La historia de los arqueólogos, anticuarios y entusiastas de las ruinas y sus descubrimientos ocupa un capítulo aparte. Desde el príncipe austriaco d’Elboeuf, bajo cuya propiedad en la Campania (región del sur de Italia) aparecieron unas esculturas, que formaban parte del telón del teatro de Herculano, las cuales logró sacar del país y llevar al Palacio del Belvedere, en Viena(15) hasta el anticuario inglés lord William Hamilton,(16) quien vivió admirando al Vesubio desde su mansión plagada de antigüedades; pasando, por supuesto, por el historiador y arqueólogo alemán Johannes Joachim Winckelmann, llegado a Nápoles en 1756 y cuyos escritos hicieron mirar con otros ojos el arte clásico.(17) Todos ellos vivieron entusiasmados por los restos que comenzaban a emerger de sus cenizas.

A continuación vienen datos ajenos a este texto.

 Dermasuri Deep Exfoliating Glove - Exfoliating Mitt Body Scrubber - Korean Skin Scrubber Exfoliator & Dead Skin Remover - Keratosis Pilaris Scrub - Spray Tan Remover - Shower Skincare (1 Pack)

Sin duda, la mayor trascendencia de estos hallazgos fue su contribución en el cambio del gusto artístico europeo, empezando por el arquitectónico. El estilo neoclásico surgió, en parte, a partir de la fascinación por las excavaciones y los maravillosos hallazgos realizados en estas ciudades por siglos ocultas a la mirada. Por eso, cuando en 1981, durante la exposición en el Museo Nacional de San Carlos, quienes teníamos a nuestro cargo la atención a los visitantes a la muestra, al término de la visita guiada por la noche reuníamos al grupo en el centro del patio del edificio, construido por el maestro valenciano Manuel Tolsá, y mostrábamos la implantación de ese estilo dieciocho siglos después del esplendor de Pompeya y Herculano.

 

Notas

1. S/A, “Introducción”, en El arte de Pompeya, catálogo de la exposición, México, Museo de San Carlos/Instituto Nacional de Bellas Artes (INBA), octubre 1981-enero 1982, p. 13.
2. Egon Caesar Conte Corti, Muerte y resurrección de Pompeya y Herculano, Barcelona, Destino, 1958, p. 81.
3. Ibidem, p. 102.
4. Ibid., p. 89.
5. Citado en ibid., p. 114.
6. Catálogo El arte de Pompeya, op. cit., p. 91.
7. Ibidem, p. 113.
8. Fausto Zevi, “Pasado y presente de las excavaciones en Pompeya”, en ibid., p. 16.
9. Norman Bryson, Volver a mirar. Cuatro ensayos sobre la pintura de naturalezas muertas, Madrid, Alianza Editorial, 2005, p. 19.
10. Amadeo Maiuri, Pompei. I nuovi scavi. La villa dei misteri. L’antiquarium. Roma, Istituto Poligrafico dello Stato, 1970, p. 17.
11. Catálogo El arte de Pompeya, op. cit., pp. 101-102. Egon Caesar Conte Corti, op. cit., p. 154.
12. Egon Caesar Conte Corti, op. cit., p. 93.
13. Catálogo El arte de Pompeya, op. cit., p. 111.
14. Ibidem, p. 112.
15. Richard Brilliant, Pompeii AD 79. The Treasure of Rediscovery, Nueva York, Clarkson N. Potter, Inc., 1979, p. 31.
16. Retratado de manera magistral por Susan Sontag en su novela El amante del volcán, publicada en español por la editorial Suma de Letras en 2001.
17. Véase Johannes Joachim Winckelmann, Historia del arte en la antigüedad, Madrid, Aguilar, 1955.